## ABOUT THIS EXERCISE:
Show all lines containing "Organic" from the data below.

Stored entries
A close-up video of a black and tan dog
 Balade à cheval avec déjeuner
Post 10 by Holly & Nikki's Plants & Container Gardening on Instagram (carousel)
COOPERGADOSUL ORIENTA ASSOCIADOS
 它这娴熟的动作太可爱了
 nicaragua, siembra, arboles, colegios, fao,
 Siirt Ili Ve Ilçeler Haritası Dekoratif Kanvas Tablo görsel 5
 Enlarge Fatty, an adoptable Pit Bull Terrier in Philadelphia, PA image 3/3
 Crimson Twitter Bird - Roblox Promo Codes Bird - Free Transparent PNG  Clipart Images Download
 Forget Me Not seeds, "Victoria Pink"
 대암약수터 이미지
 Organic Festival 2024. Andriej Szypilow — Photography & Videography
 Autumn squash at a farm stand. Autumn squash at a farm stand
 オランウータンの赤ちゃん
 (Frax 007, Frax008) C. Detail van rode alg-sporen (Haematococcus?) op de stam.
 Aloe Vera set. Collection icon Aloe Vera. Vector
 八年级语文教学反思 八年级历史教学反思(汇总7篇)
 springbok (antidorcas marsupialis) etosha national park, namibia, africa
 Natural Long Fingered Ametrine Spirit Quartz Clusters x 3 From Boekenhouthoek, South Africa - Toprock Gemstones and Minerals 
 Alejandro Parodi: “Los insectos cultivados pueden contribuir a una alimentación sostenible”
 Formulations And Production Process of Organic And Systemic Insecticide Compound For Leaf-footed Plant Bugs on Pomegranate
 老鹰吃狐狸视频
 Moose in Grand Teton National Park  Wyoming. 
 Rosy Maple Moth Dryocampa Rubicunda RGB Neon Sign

## EXPECTED OUTPUT:
 Organic Festival 2024. Andriej Szypilow — Photography & Videography
 Formulations And Production Process of Organic And Systemic Insecticide Compound For Leaf-footed Plant Bugs on Pomegranate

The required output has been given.